> _About this task_
With the pictures left out, restate exactly the part below that opens with the line containing "Tek Büyük Yataklı Oda, Nehir Manzaralı" and closes with the line containing "Gianni ha 27".

> _Source records_
◇ ◇ ◇ ◇ ◇
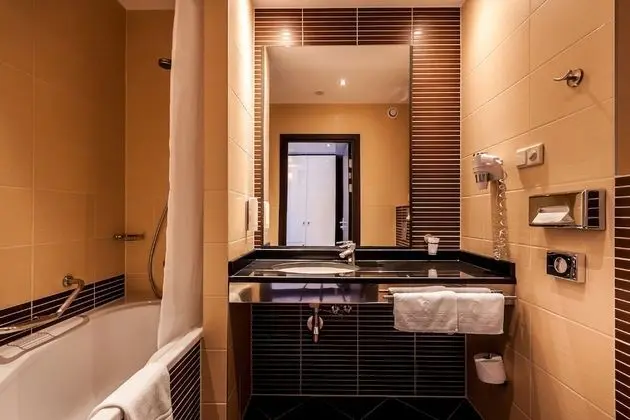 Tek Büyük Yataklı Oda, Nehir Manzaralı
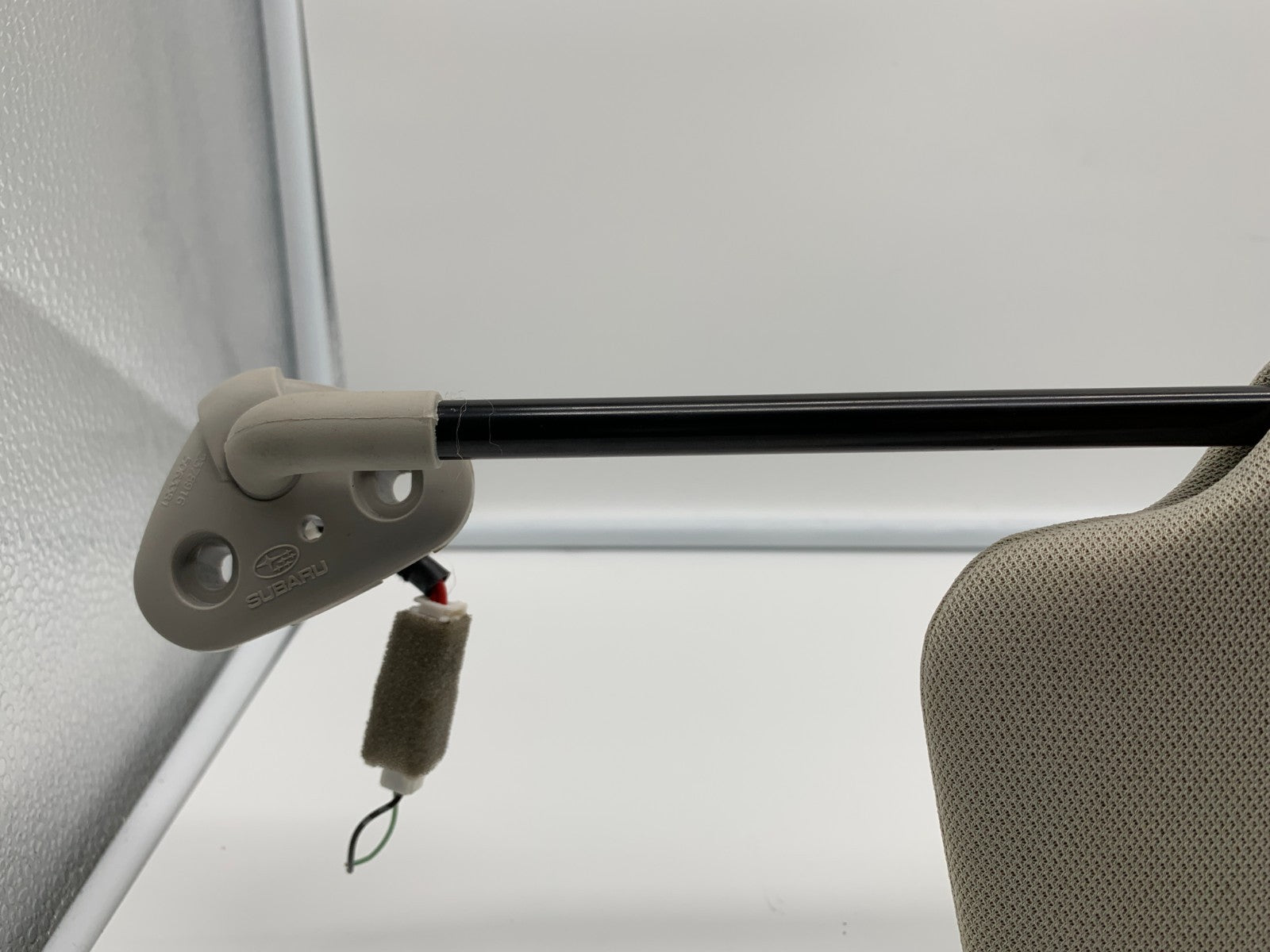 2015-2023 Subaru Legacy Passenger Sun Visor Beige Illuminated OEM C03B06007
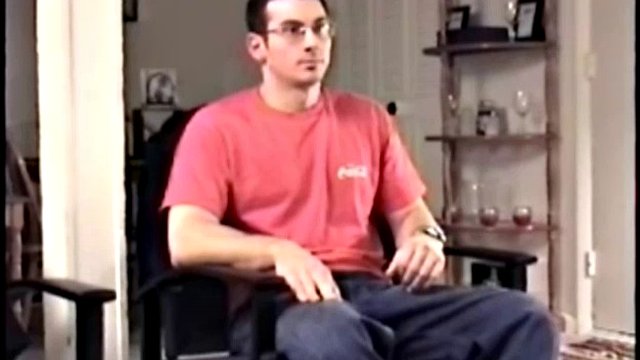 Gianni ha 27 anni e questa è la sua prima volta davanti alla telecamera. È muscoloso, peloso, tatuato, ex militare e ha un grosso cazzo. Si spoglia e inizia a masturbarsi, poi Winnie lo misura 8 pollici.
◇ ◇ ◇ ◇ ◇
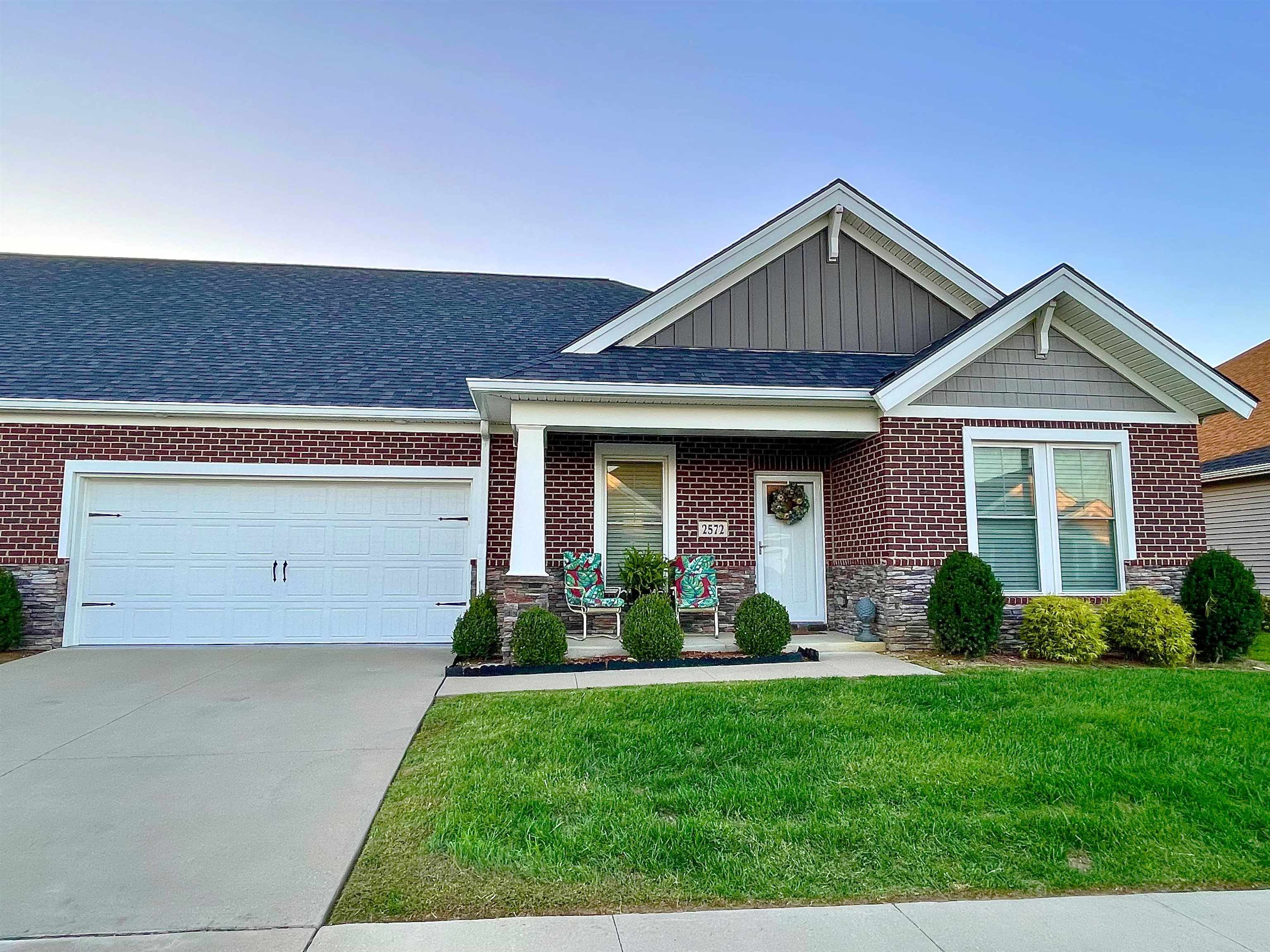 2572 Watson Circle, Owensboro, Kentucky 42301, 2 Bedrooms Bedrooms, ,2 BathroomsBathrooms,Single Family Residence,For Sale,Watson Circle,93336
◇ ◇ ◇ ◇ ◇
> _Worked solution_
 Tek Büyük Yataklı Oda, Nehir Manzaralı
 2015-2023 Subaru Legacy Passenger Sun Visor Beige Illuminated OEM C03B06007
 Gianni ha 27 anni e questa è la sua prima volta davanti alla telecamera. È muscoloso, peloso, tatuato, ex militare e ha un grosso cazzo. Si spoglia e inizia a masturbarsi, poi Winnie lo misura 8 pollici.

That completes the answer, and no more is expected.